◆ **COLLECTED MATERIAL**:
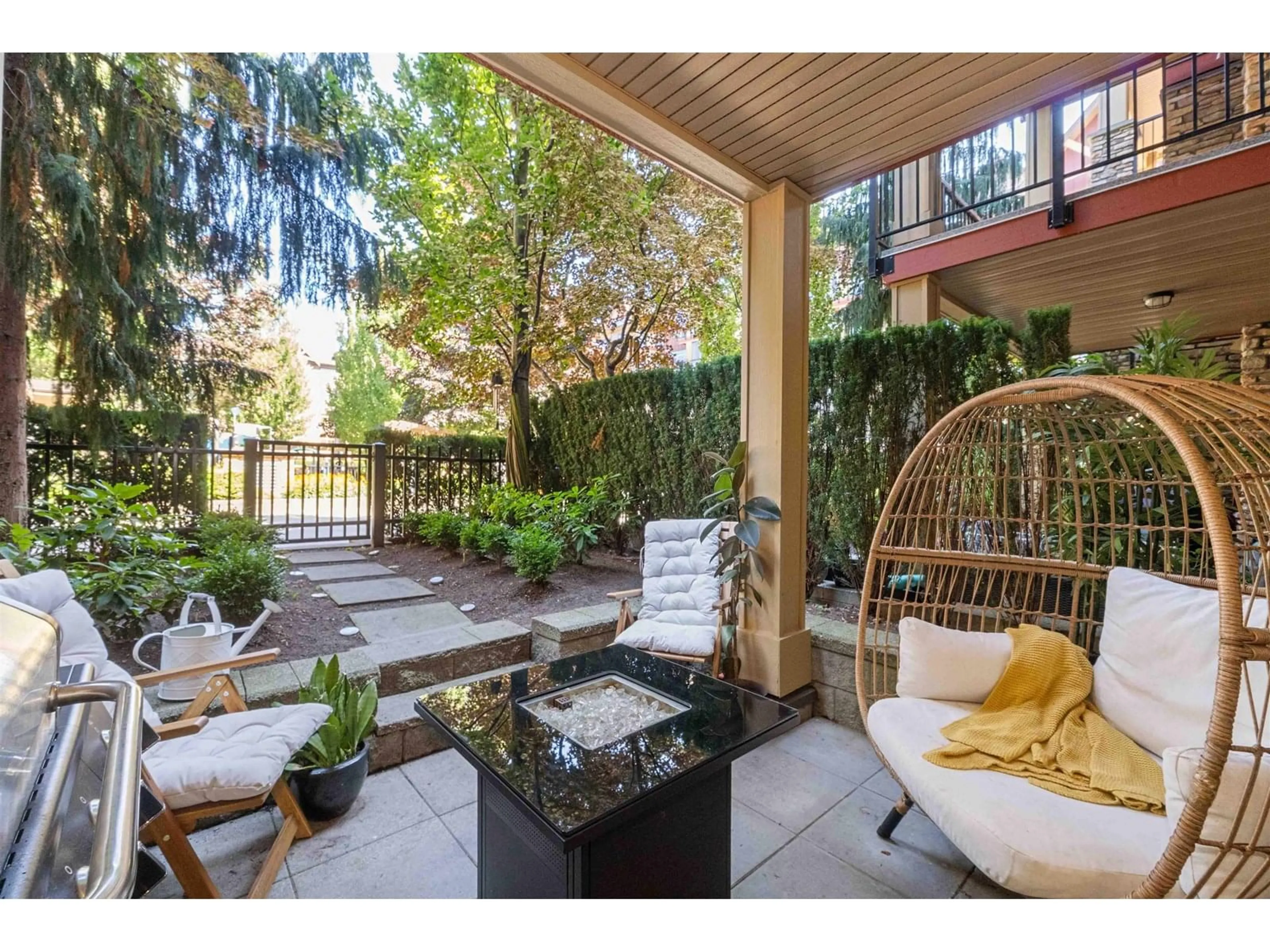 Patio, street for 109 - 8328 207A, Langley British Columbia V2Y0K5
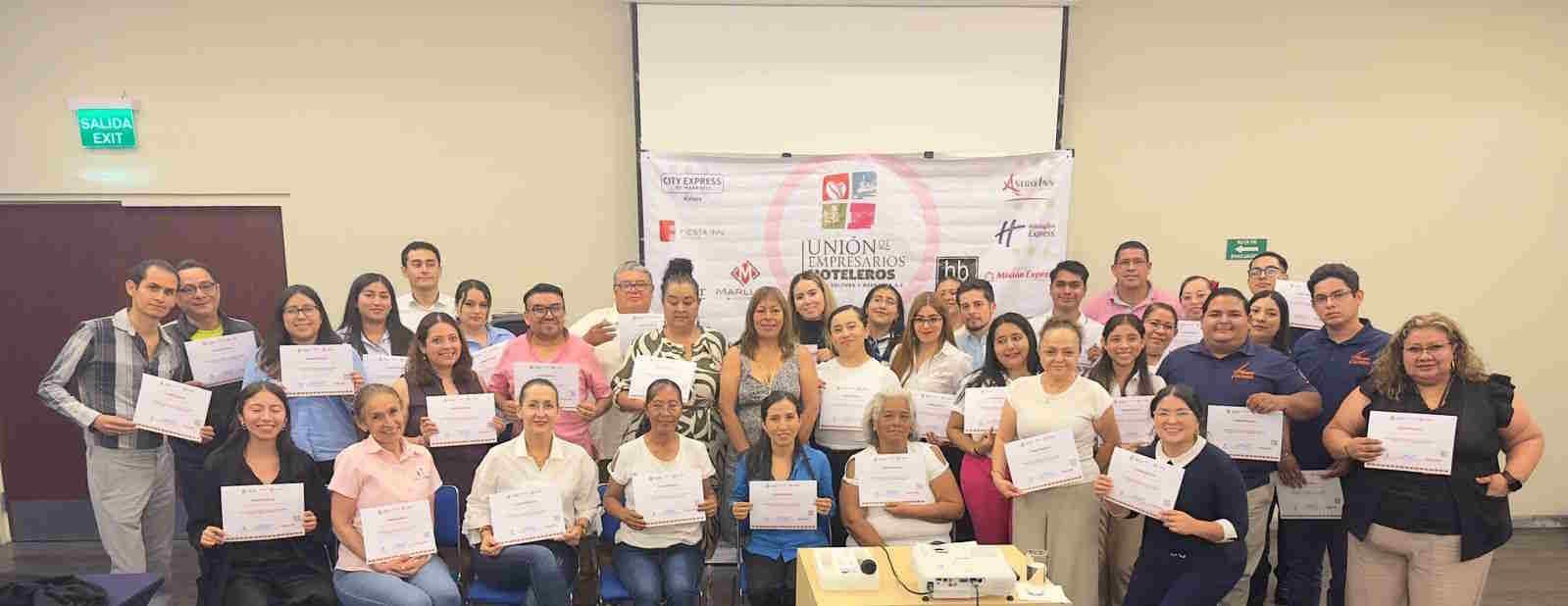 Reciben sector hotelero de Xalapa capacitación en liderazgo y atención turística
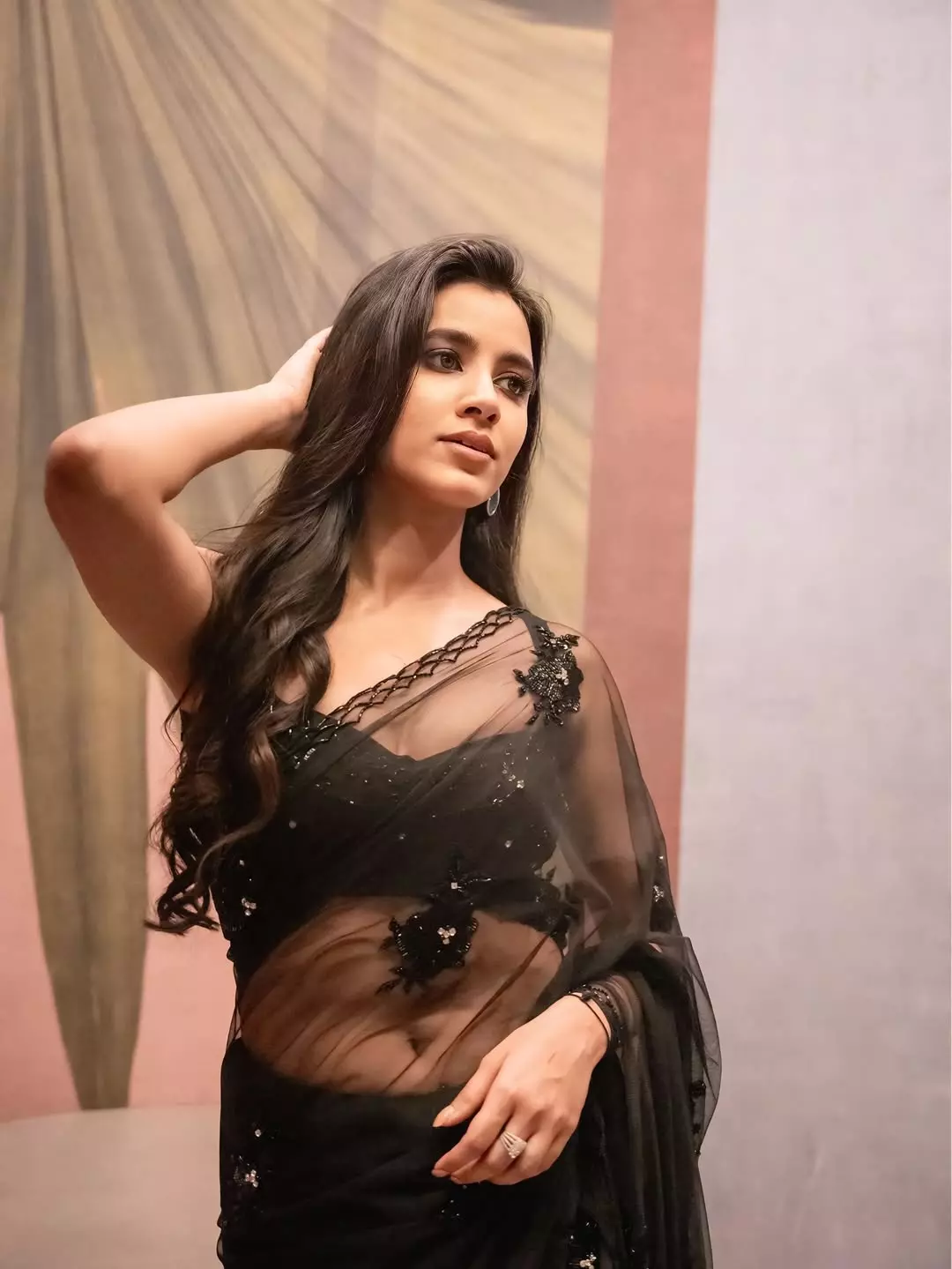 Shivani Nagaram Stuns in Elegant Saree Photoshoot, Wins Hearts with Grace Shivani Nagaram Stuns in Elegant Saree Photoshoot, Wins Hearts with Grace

◆ **WHAT TO WORK ON**:
For this exercise, retype the listing above word for word and omit the pictures.

◆ **ANSWER TO THE PROBLEM**:
 Patio, street for 109 - 8328 207A, Langley British Columbia V2Y0K5
 Reciben sector hotelero de Xalapa capacitación en liderazgo y atención turística
 Shivani Nagaram Stuns in Elegant Saree Photoshoot, Wins Hearts with Grace Shivani Nagaram Stuns in Elegant Saree Photoshoot, Wins Hearts with Grace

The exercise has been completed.